Pero luego nos encontramos conque en Hechos 11:16 Pedro reconoció la recepción del Espíritu Santo por Cornelio y los de su familia como un bautismo. Es más, él la interpretó como el cumplimiento de la misma promesa que Jesús había hecho en Hechos 1:4. Es evidente que los creyentes que son bautizados en el Espíritu Santo en la actualidad participan de la experiencia de Hechos 2:4.

III. Una experiencia para todo creyente

Hechos 2:14-21

A. Sobre toda carne

La algarabía producida por los que hablaban en lenguas atrajo a una gran multitud de espectadores. De estos, unos estaban asombrados, mientras que otros se mofaban de los 120 creyentes. Cada vez eran más los que acudían a ver lo que sucedía en el aposento alto. Muchos no entendían lo que oían y otros aseguraban que los creyentes estaban borrachos. Esto impulsó a Pedro a ponerse de pie para refutar tal acusación. Les dijo que no había razón para suponer que los 120 estuvieran borrachos porque apenas eran las nueve de la mañana. Lo que veían no era más que el cumplimiento de Joel 2:28-32.

Pregunta: ¿Por qué citó Pedro la parte de la profecía de Joel que habla de sangre, fuego, vapor de humo y tinieblas?

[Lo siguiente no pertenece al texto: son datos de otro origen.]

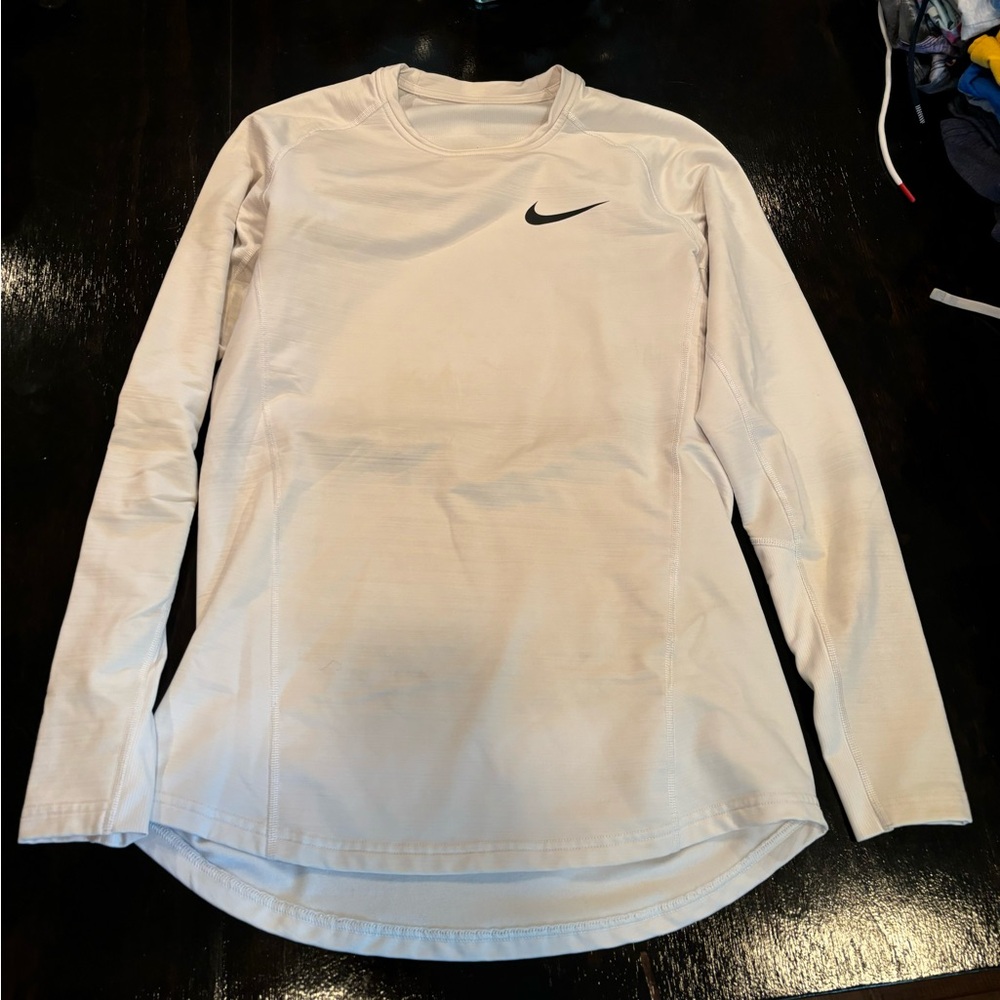Nike women’s dri fit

Algunos interpretan esto simbólicamente. Joel, sin embargo, estaba anunciando así los juicios del fin. Joel, tal como los demás profetas del Antiguo Testamento, no vio la diferencia en tiempo entre la primera y la segunda venida de Cristo. El Espíritu Santo inspiro a Pedro para que citara todo el pasaje de Joel a fin de que nosotros sepamos que el Espíritu Santo seguirá derramándose hasta el día que Jesús regrese a la tierra.

Pregunta: ¿Limitó Pedro esta experiencia pentecostal a los judíos solamente?

Tanto él como Joel aseguran que esto era para “toda carne”. Todo creyente, no importa su nacionalidad, puede recibir el bautismo en el Espíritu Santo

B. Sobre todas las clases

Los fariseos menospreciaban a la clase pobre y no daban el debido respeto a las mujeres. Pero Jesús predicó el evangelio a los pobres y honró a la mujer. Todo el pueblo escuchaba sus enseñanzas con alegría.

El pasaje de Joel tampoco estableció barreras entre los sexos, las razas y las clases sociales. Dios había prometido derramar su Espíritu sobre toda carne; los hijos y las hijas profetizarían; jóvenes y ancianos verían visiones. Hasta los siervos y las criadas participarían de este derramamiento espiritual. En el tiempo del Imperio Romano había muchos esclavos, pero también para ellos era esta promesa. Todos los que crean pueden ser salvos. Todos los creyentes pueden ser bautizados en el Espíritu Santo.